Но есть темы, на которые хочется высказаться немедленно. Живая эмоция, выкипающая. И нужно ею поделиться с людьми, заразить ею — и идеей — других здесь и сейчас. Для этого только колумнистика подходит. А когда пишешь в Интернете, сразу видно, расходится ли твой импульс по людским умам и сердцам или нет, попадаешь ли в резонанс с коллективным бессознательным; очень азартно.
А про "не могу молчать"… Я пишу только на те темы, которые меня действительно волнуют, и никогда не кривлю душой. Знаете, публицистика ведь почти вся в нашей стране узурпирована лоялистами, и мне все равно с трибуны "Сноба" Соловьева с Мамонтовым, которые людоедство прославляют, не перекричать. Это так, из отчаяния делается.

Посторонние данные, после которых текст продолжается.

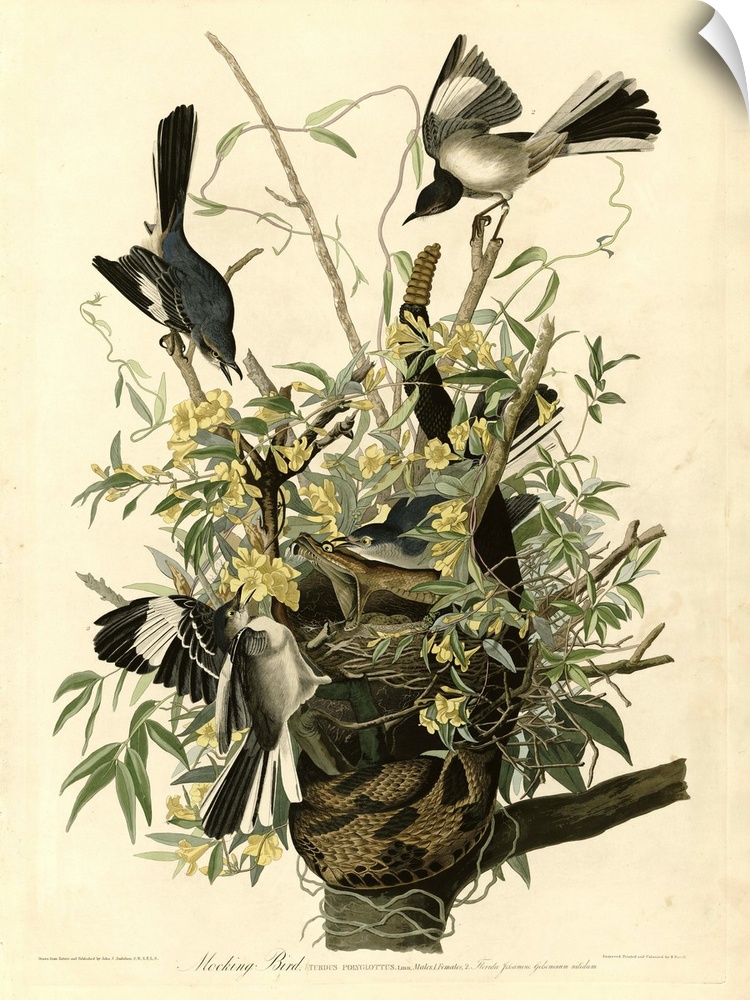 Audubon Birds, Mocking Bird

Великого баскетболиста Майкла Джордана на пике его карьеры как–то спросили, при каких условиях он готов оставить баскетбол. Он ответил: "Миллиард долларов сразу и время на то, чтобы подумать". Что нужно предложить вам, чтобы вы оставили писательскую деятельность?
— То есть вы с коллегами уже готовы скинуться? Не знаю даже, тут важно не продешевить. Просто дайте подумать.

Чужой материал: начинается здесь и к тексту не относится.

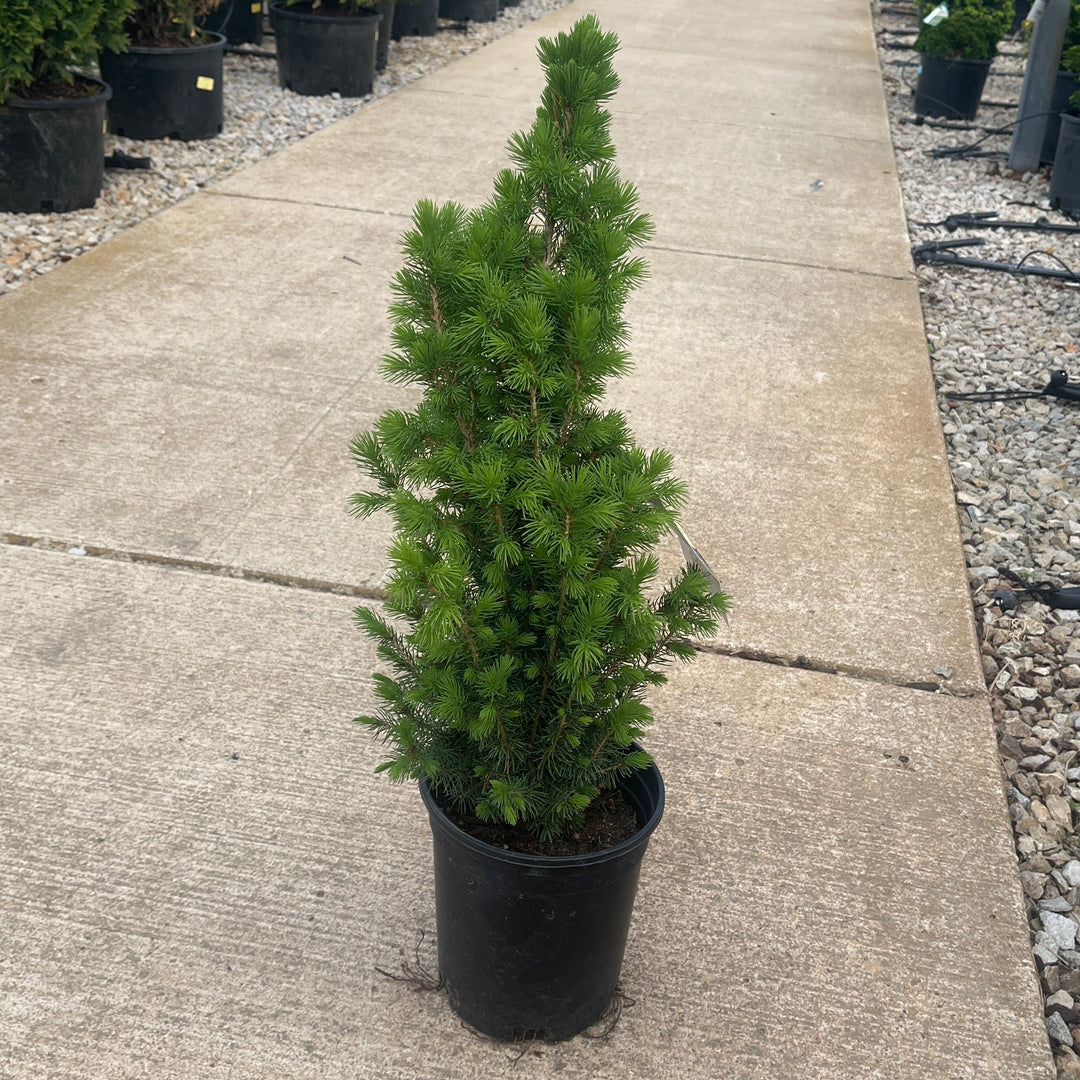 Dwarf Alberta Spruce - Picea glauca 'Conica' - 1# Potted Tree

Вообще говоря, писательское ремесло в России — не самый очевидный способ заработать деньги. Если вдруг книга становится бестселлером, это куда больше напоминает случайный выигрыш в казино, чем удачное вложение или работу на окладе. Хочешь разбогатеть в России? Вали лес или людей, торгуй нефтью и газом, вывози металл, крышуй бизнес, выбивай долги.
Поэтому вряд ли имеет смысл подкупать писателей деньгами: литература, мне видится, — это прежде всего высказывание, самореализация. Надо сначала полностью реализовать себя в ней, прежде чем переходить к чему–то иному. Получу Нобелевку, включат в школьную программу, отгрохаю литинститут своего имени — вот тогда давайте вернемся к этой теме.
Как бы вы ответили на вопрос: "Если не Путин, то кто?"
— Кто угодно. Нет такой проблемы, как безальтернативность. Когда Сталин умер, претендентов сразу масса нашлась на его место. Страна тогда устояла, после ухода Ельцина устояла — и без Путина устоит.